About Gretchen Dykstra
Gretchen Dykstra does not have a classic “career”, but she does have a rich professional life. Born in New York City and raised outside of Philadelphia, she attended a Quaker elementary school that taught her to care about the world and other people, and a girls’ high school that taught her how to write.
She graduated from the University of Wisconsin-Madison, a long family tradition, and then, not knowing what to do, she attended Bank Street College of Education and learned that teaching is great preparation for a whole host of jobs.
She taught in a middle school, worked as a freelance writer, and then taught English at a college in Wuhan, China from 1979-1981.
Back in New York, Dykstra cut her civic and political teeth at the NYC Charter Revision Commission of 1989. During the ‘90s she ran the highly visible and successful Times Square BID where she and her staff did everything from cleaning and patrolling the streets to advancing the rezoning of porn shops to lowering the New Year’s Eve ball.
Post 9/11, she was appointed Commissioner of the NYC Department of Consumer Affairs where she regulated small businesses and protected consumers.
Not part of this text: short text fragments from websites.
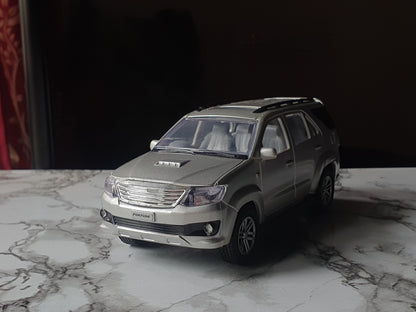 Fortuner Scale model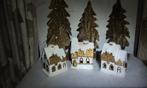Kersthuisjes, theelichtjes in porselein, 3 stuks, Ophalen of Verzenden, Zo goed als nieuw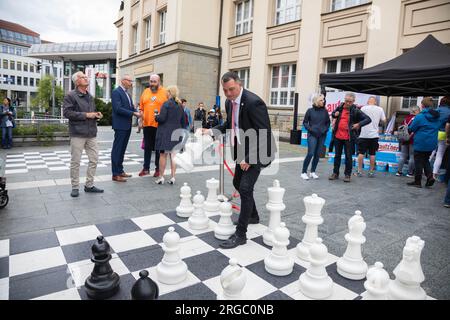 Bernd Kühn 1. Vorsitzender Schachklub Frankenthal, Kirsten Schönherr Chefin Bautzener Wohnungsbaugesellschaft (BWB) , Dietmar Stange vom Tourismusvere Stockfoto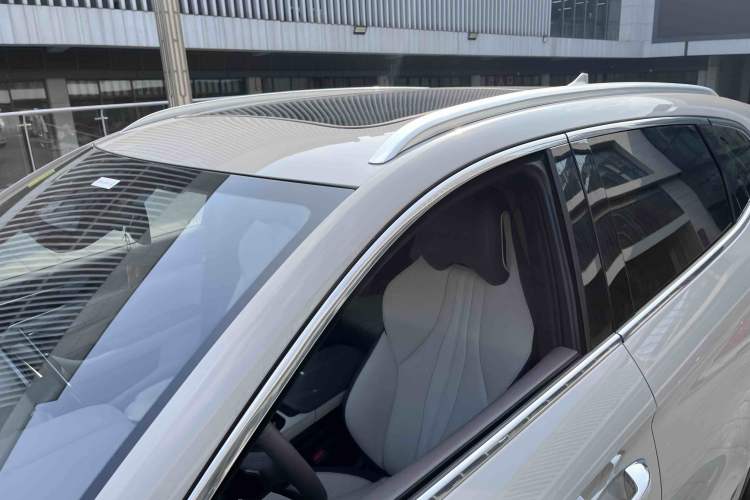 Used BYD Song PLUS New Energy 2025 DM-i 160KM Flagship Model
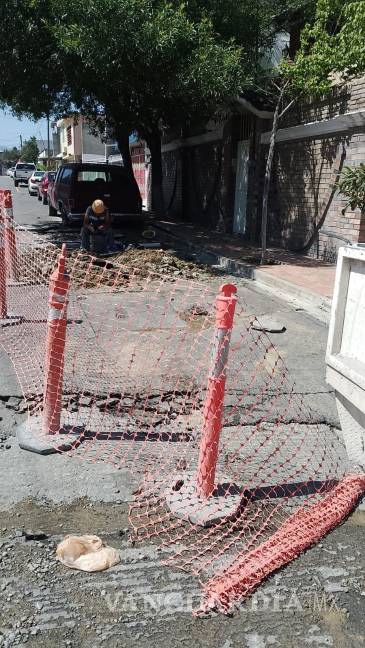 Saltillo: Fuga de agua rompe pavimento; tarda más de una hora en ser atendida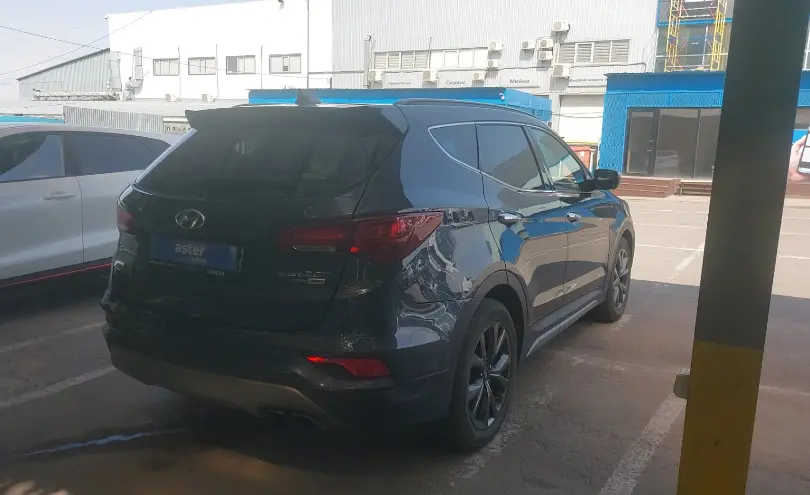 Hyundai Santa Fe 2016 года за 9 500 000 тг. в Алматы фото 3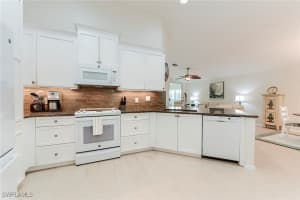 9241 Spring Run Boulevard, Estero, FL 34135 - MLS#225073422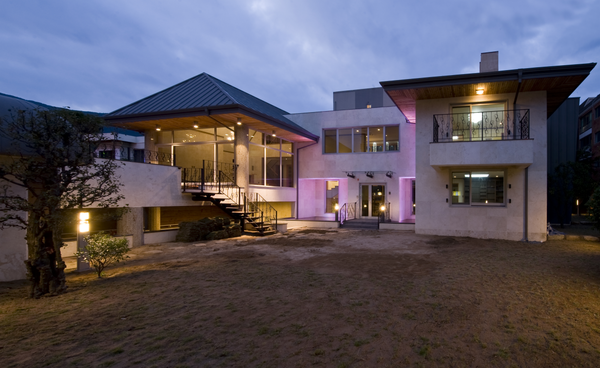 필자 설계 단독주택 부산 소재&nbsp;이입재,&nbsp;준공 후 16년 차지만 경사지붕에 깊은 처마 덕분으로 지금도 유지 관리에 부담 없이 지어진 그 상태로 유지되고 있다. /김정관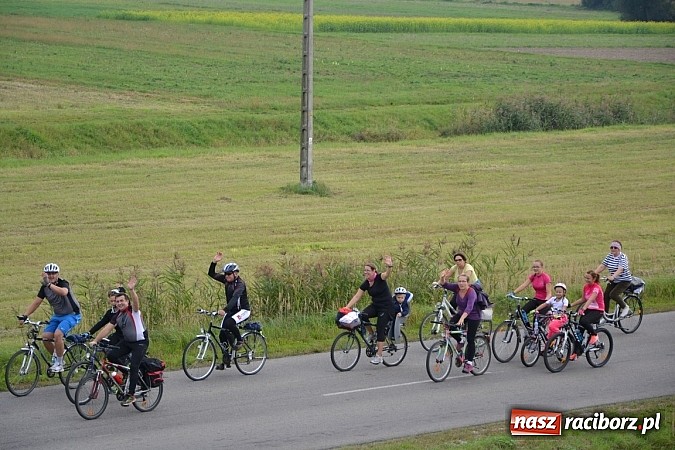 Zdjęcie w galerii na portalu naszraciborz.pl: Ponad dwustu cyklistów na otwarciu nowej ścieżki rowerowej - Hackiej Cesty wiadomości z regionu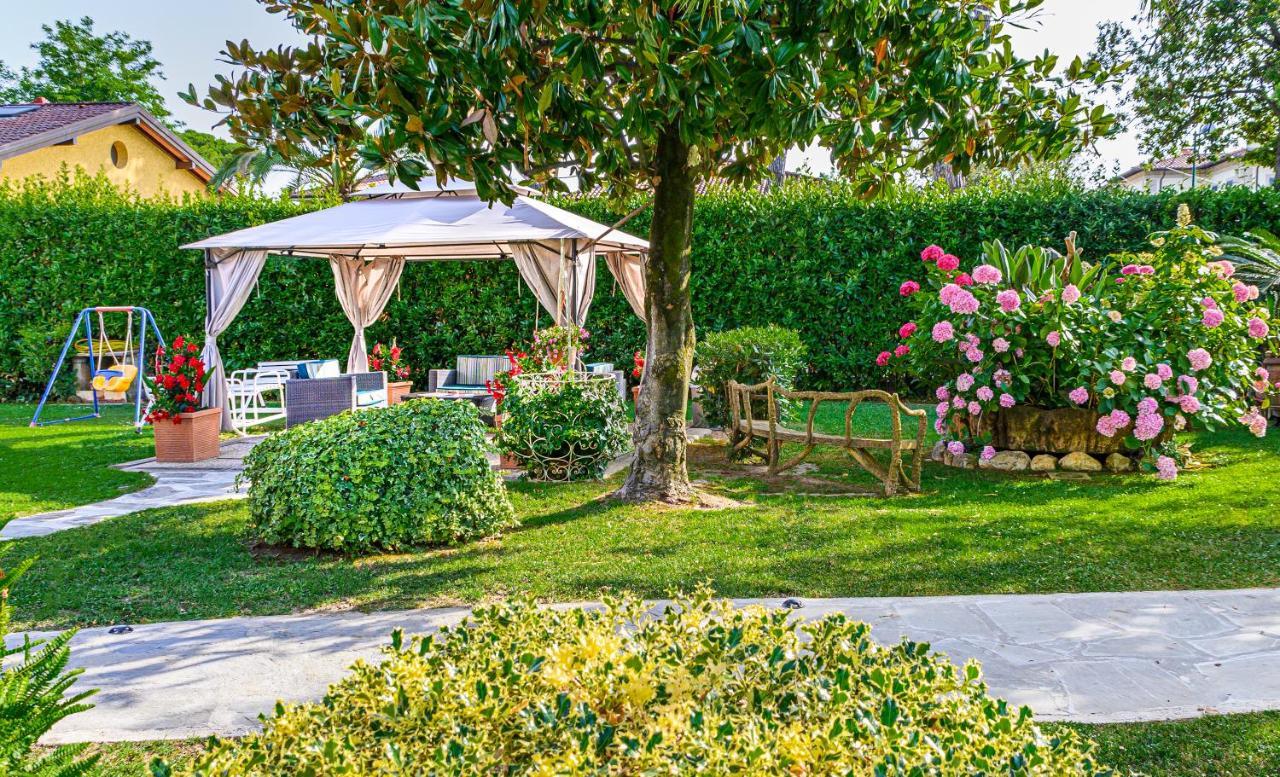 Hotel Ambra Forte dei Marmi Exterior photo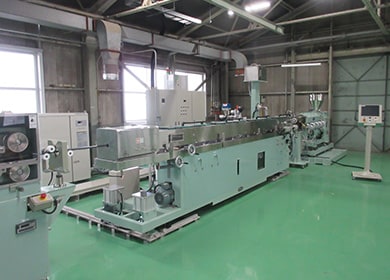 チューブ押出成形機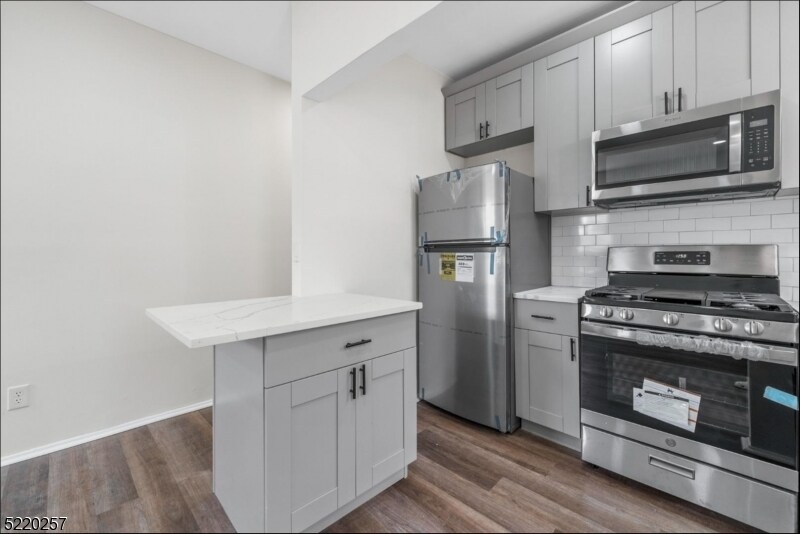 108 Frederick St Unit 1, Garfield, NJ 07026 Room for Rent in Garfield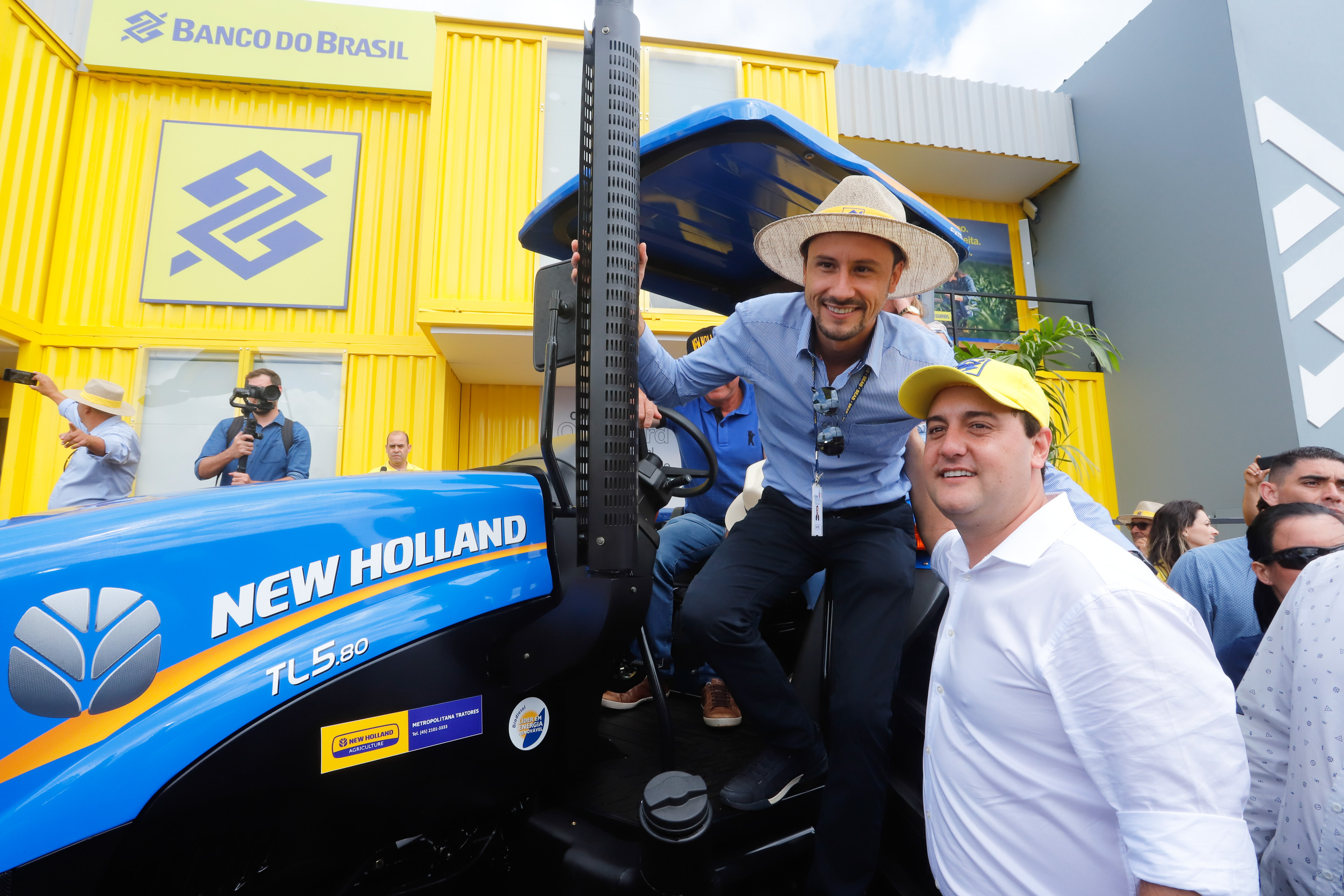 O governador Carlos Massa Ratinho Junior entregou nesta quinta-feira (06), durante o Show Rural, em Cascavel, as chaves de mais um trator do programa Trator Solidário. Os beneficiados foram o criador de vacas de leite Roque Selzler e sua mulher, Leonete, moradores de Pato Bragado. - Cascavel, 06/02/2020 - Foto: Rodrigo Félix Leal/AEN
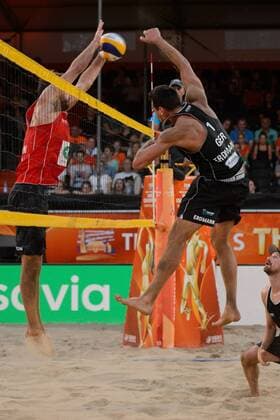 30.06.2015, Den Haag, Hofvijver Stadion World Championships Weltmeisterschaft 2015, Vorrunde Block Chaim Schalk ( 1 CAN) - Angriff Jonathan Erdmann ( 1 GER)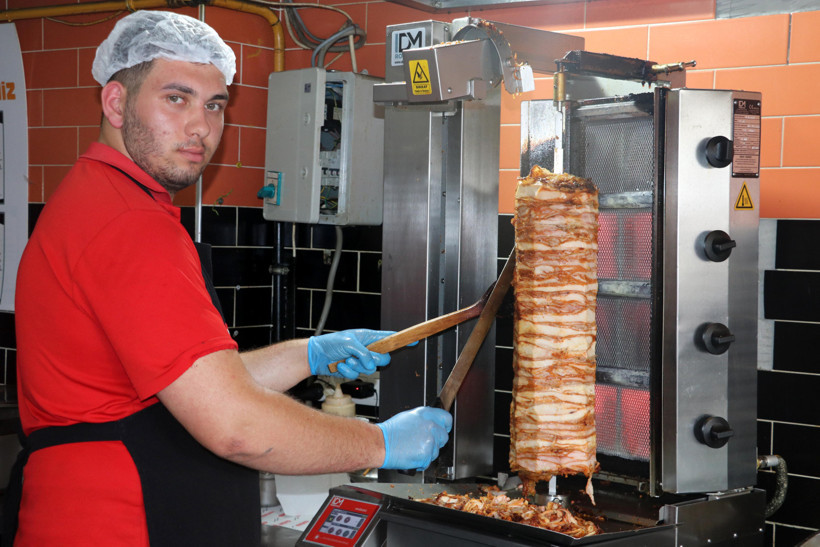 40 derece sıcakta 80 derecelik ocakta çalışıyorlar - Resim : 1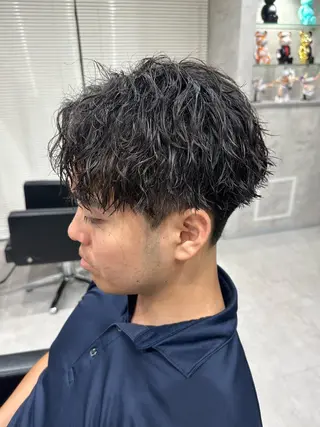 ショート パーマ メンズ ユウ🪄 パーマ指名No1のヘアスタイル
In 2005 she became the first CEO of the National 9/11 Memorial and Museum Foundation, but resigned within a year frustrated by the political confusion.
Gretchen was an at-home student of William Zinsser (1922-2015) who helped her through her first book, Pinery Boys, and inspired Civic Pioneers. She released her memoir, Echoes from Wuhan, in July 2022.
After decades in New York, she now lives in the Hudson Valley. Having finished her book about Berea, Dykstra is now exploring the beautiful and complicated town of Manchester in eastern KY.